Nanci Bompey: But that rock marks the spot or whatever?
Shane Hanlon: The rock marks the spot.
Nanci Bompey: So people go, look it up or whatever.
Shane Hanlon: Yeah, so it’s really funny cause it’s like, the park knows about it, all of that. There is kind of a trail leading to it, but you literally have to, because there’s no cell service or anything in there. It’s in one of the rain forests and you have to look at this guide and they’re, okay, so you’re going to pass this tree that’s destroyed and then walk through another tree that has a hole in it and then go over this log in this swamp, hang a left. It’s literally like this type of stuff.
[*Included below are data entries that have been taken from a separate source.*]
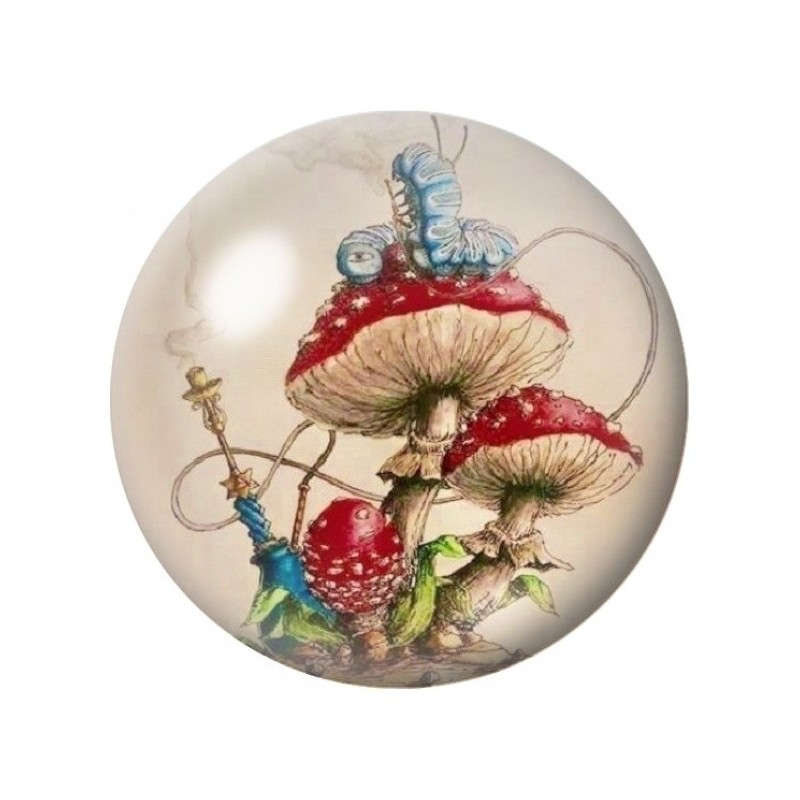 Cabochon en Verre Illustré Chenille Bleue aux Champignons Rouges 12 à 25mm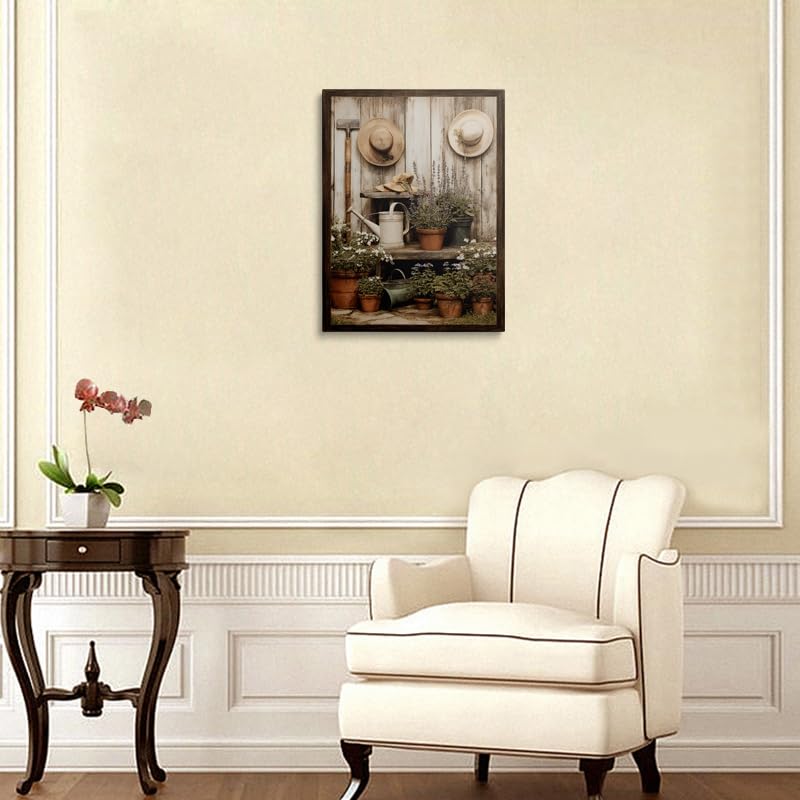 Vintage Garden Still Life Canvas Wall Art Framed Painting Rustic Weathered Wood with Straw Hat Watering Can Lavender Potted Blooms Farmhouse Wall Decor Artwork for Kitchen Dining Room 12x16 Inches (flowerpot / 16"L x 12"W)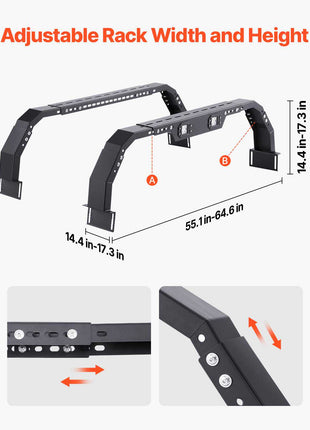 Overland Truck Bed Rack, 14.4-17.3 in Height, Adjustable Bed Cargo Rack with Security LED Light, Compatible with Ram 1500/Tundra/Silverado 1500/F150/Gladiator JT/Colorado/Canyon/Ranger/Maverick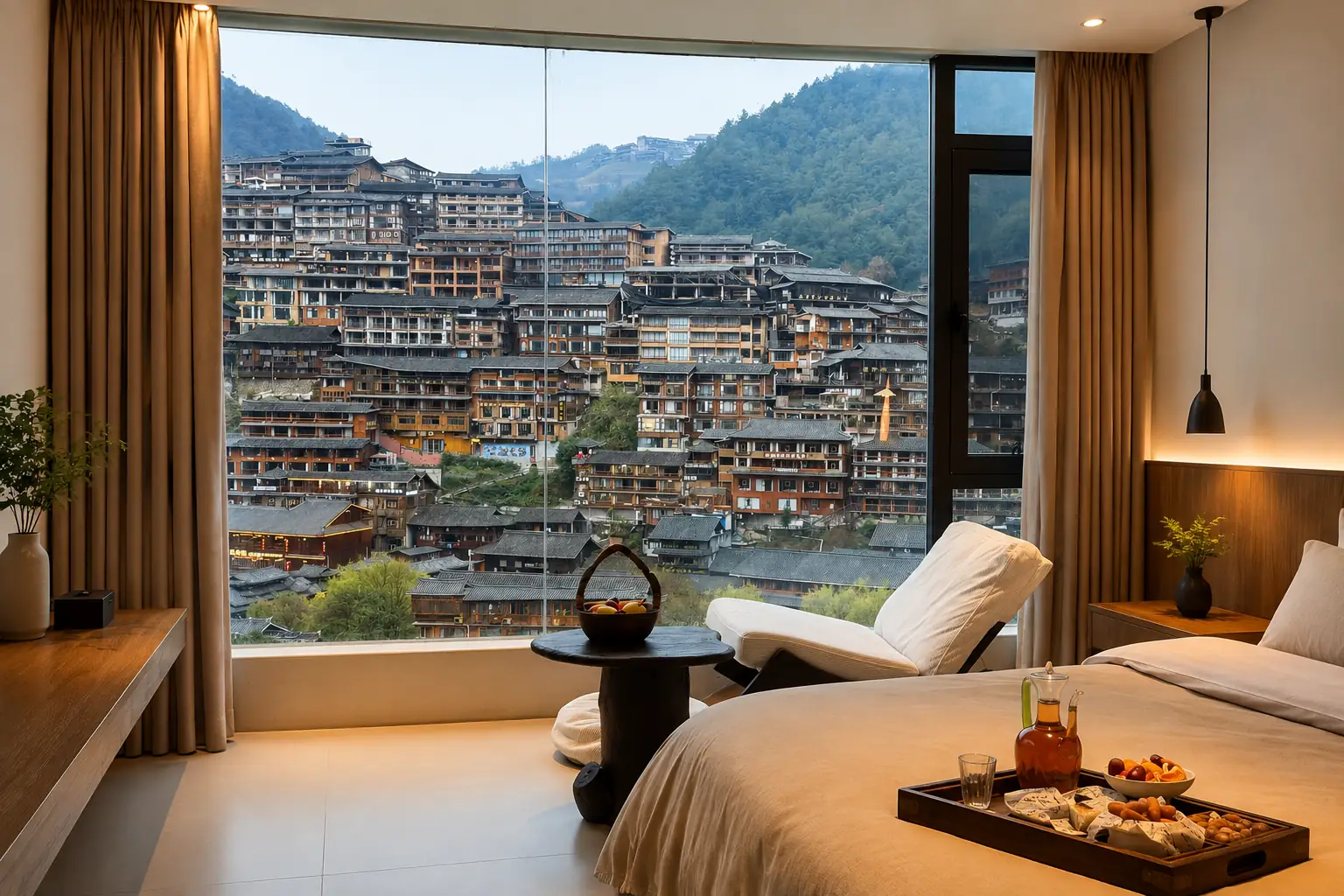 Guest room overlooking Xijiang Qianhu Miao Village in Guizhou
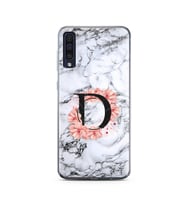 Mermer Çiçekli Harf Tasarım Süper Şeffaf Silikon Telefon Kılıfı Samsung A50 D-Ha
Nanci Bompey: Oh that’s fun. That’s kind of fun. So was it, I mean obviously you hear birds, you hear sounds and things like that.
Shane Hanlon: Yeah, I mean no, it was really cool. It’s because it is, it’s in the center or pretty close to the center of the park. So you just listen and just, quiet. And that’s just something we don’t have in Arlington, Virginia.
Nanci Bompey: This is true.
Shane Hanlon: Welcome to the American Geophysical Union’s podcast about the scientists and the methods behind the science. These are the stories you won’t read in the manuscript or hear in a lecture. I’m Shane Hanlon…
Nanci Bompey: And I’m Nanci Bompey.
Shane Hanlon: And this is Third Pod From The Sun.
Okay, well the reason why we’re talking about the quietest place on earth, is today our podcast is about sound.
Nanci Bompey: Yeah, underwater sound. So I interviewed Bob Dziak, who’s at NOAA in Newport, Oregon. And he does underwater acoustics, so they listen to the sounds at the bottom of the ocean.
Shane Hanlon: Very cool. So let’s hear it.
Bob Dziak: My name is Bob Dziak. I lead the Acoustics Program in NOAA and I live in Newport, Oregon, and we have a research lab down there.
Nanci Bompey: Awesome. So tell us a little bit about what that means to lead the acoustics program.
Bob Dziak: Oh, well, we do acoustics, underwater acoustics. So we study sound in the ocean. We do a variety of different topics that we look at, to look into with acoustics. We use it as a tool to study sea floor, earthquakes and volcanoes. We do ambient noise research, looking at the impacts of man-made and natural noise on marine ecosystems. And we also do bioacoustics looking at, for example, big baleen whales, marine mammals, looking at their distributions throughout the oceans.
Nanci Bompey: And so what are you using that acoustic stuff for? I mean, other than, I mean, just getting this basis of what’s down there, what it sounds like?
Bob Dziak: Yeah, well, that’s right. So you know, we’ve come to realize is that there aren’t really any good baseline measurements of sound in the ocean and it’s been known, for the last decade or so, that sound has been increasing in the ocean since the 1960s, and also because of increasing ship traffic globally, commercial shipping from container ships to all kinds of things. So man-made noise in the ocean is increasing. It probably has some kind of impact, but we don’t really know exactly and we don’t really have good, like I said, good measurements of what is normal, what is the sound level now. So we’re making sound level measurements now so that we can know how things are changing in the future. And if things, if there’s been impacts or changes, then we’ll be able to assess that a little better.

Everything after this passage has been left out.